Nonperiodic points of piecewise-linear homeomorphisms Suppose $K$ is a compact polytope and $T$ is a piecewise-linear homeomorphism from $K$ to itself. Suppose also that $T$ is not of finite order (that is, for no $n \geq 1$ is it the case that $T^n(x)=x$ for all $x$ in $K$). Can we conclude that a nonperiodic point exists (that is, for some $x$ in $K$ it is the case that $T^n(x) \neq x$ for all $n \geq 1$)?
Note that it need not be the case that for each $n \geq 1$ the set of $x$ in $K$ with $T^n(x) \neq x$ is dense. So my question is not just an application of the Baire category theorem (at least under the most simpleminded approach).
Ideally I would like to draw stronger conclusions from the stated hypotheses (e.g. that the set of nonperiodic points has positive $d$-dimensional measure where $d$ is the dimension of $K$). Some of the hypotheses on $K$ and $T$ are likely to be red herrings, but I include them since they apply for the class of examples that motivated this question.
I have posted a variant of this question  in which the piecewise-linearity constraint is dropped; see Nonperiodic points of homeomorphisms of a ball. Montgomery's theorem solves that problem and therefore solves this one, though I'm still hoping for (and will award a bounty to) the best self- contained, clear, and complete proof for the piecewise-linear case.
 A: The answer is yes.

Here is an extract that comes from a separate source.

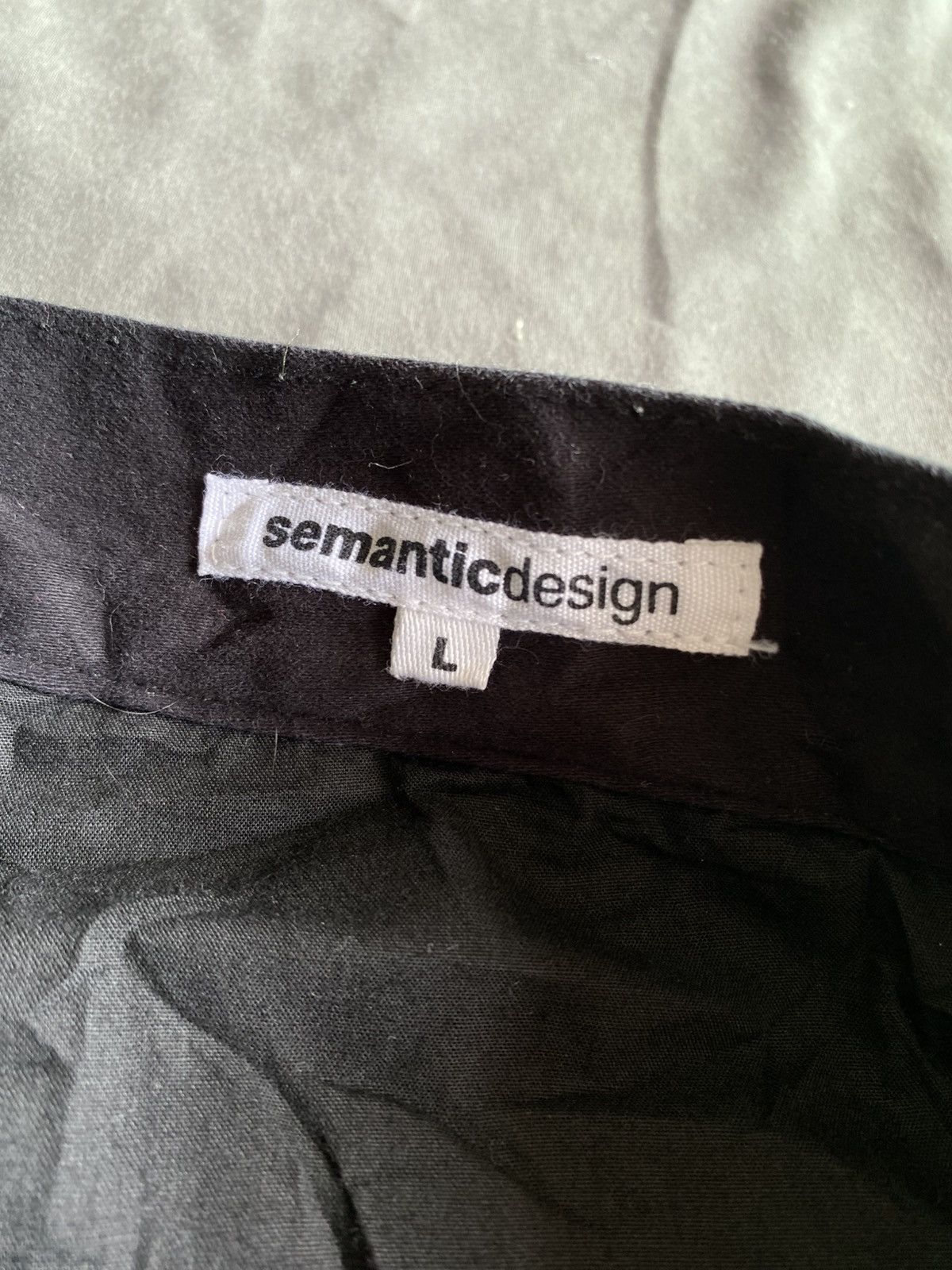 semanticdesign Semanticdesign Flareed Multi Pocket Pants Size US 31 - 10 Thumbnail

In other words, if the order of the orbit $x_n=T^n(x)$ of each point $x\in K$ is finite then $T^n$ is identity map for some $n$.
Choose a simplex $\triangle$ of maximal dimension $m$.
Set 
$$E_n=\{\,x\in\triangle\mid T^n(x)=x\,\}.$$
By Baire theorem, $E_n$ has nonempty interior for some $n$;
fix such a value $n_1$.
Note that $E_{n_1}$ is a polytope in $\triangle$.

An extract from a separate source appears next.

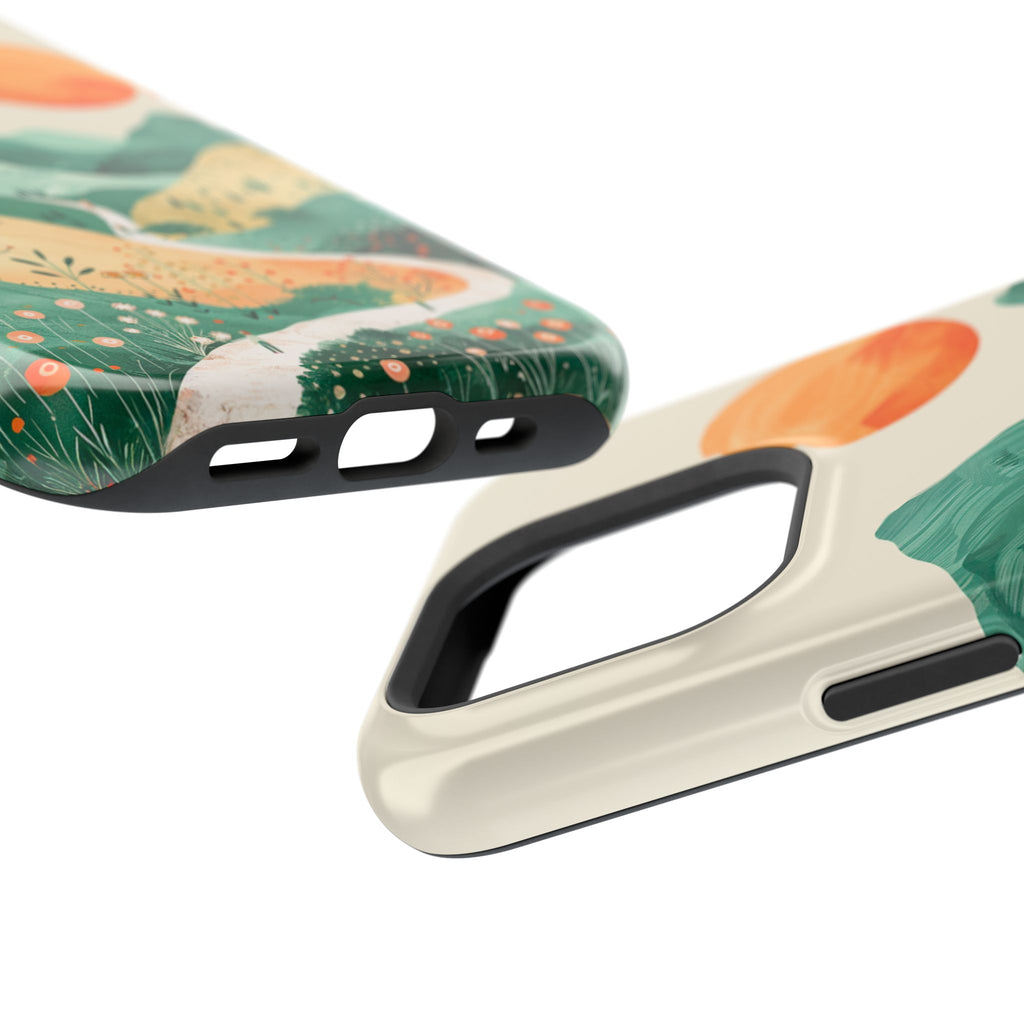 Sunrise Mountain Landscape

If $E_{n_1}\ne \triangle$,
we can choose an $m$-simplex $\triangle'\subset \triangle$ such that
(1) its base in $E_{n_1}$ 
(2) the remaining part is outside of $E_{n_1}$ and (3) $T^{n_1}$ is linear on $\triangle'$.

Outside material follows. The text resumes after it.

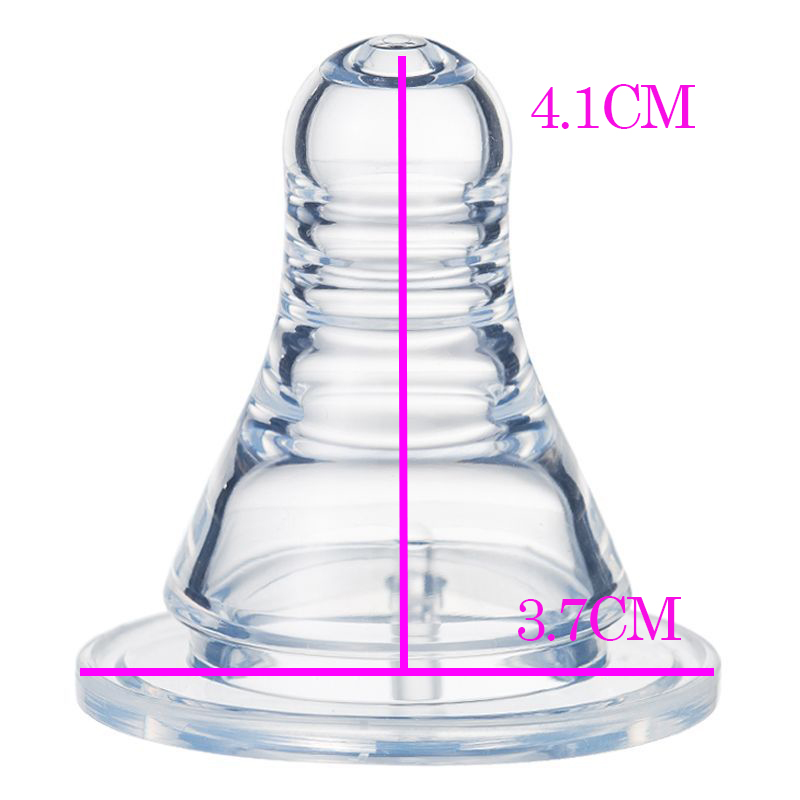 Ti giả làm từ silicon không chưa BPA an toàn cho bé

Given $\ell_1$, we can choose a simplex $S_1$ in $\triangle'$ so that (1) $T^{n_1\cdot m}(x)\ne x$ if $x\in S_1$ and $m<\ell_1$ and (2) for some $m_1>\ell_1$, the set $E_{m_1\cdot n_1}\cap S_1$ has nonempty interior but $E_{m_1\cdot n_1}\not\supset S_1$. 
Indeed (1) follows if entire $S_1$ lies close to the base. 
Further by Bair theorem $S_1\cap E_{m_1\cdot n_1}$ has nonempty interior for some $m_1>\ell_1$. 
Note that $x\notin E_{m_1\cdot n_1}$ if $x$ lies terribly close to the base (depending on $m_1$) and we can arrange that there is such point in $S_1$.  
Set $n_2=m_1\cdot n_1$ and iterate the construction for an increasing sequence of numbers $\ell_i$.
We get a nested sequence of compact set $S_1\supset S_2\supset\dots$ such that $T^n(x)\ne x$ for any $x\in S_n$. 
If $x\in\bigcap_nS_n$ then $T^n(x)\ne x$ for any $n$, a contradiction.
We proved that the restriction $T^n|_\triangle$ is identity map for some $n$.
Now remove the interior of $\triangle$ from $K$ and 
pass to the map $T^n$.
Repeat this procedure recursively till no simplex is left in $K$.
P.S. The same holds for any continuous map, see the answer in here.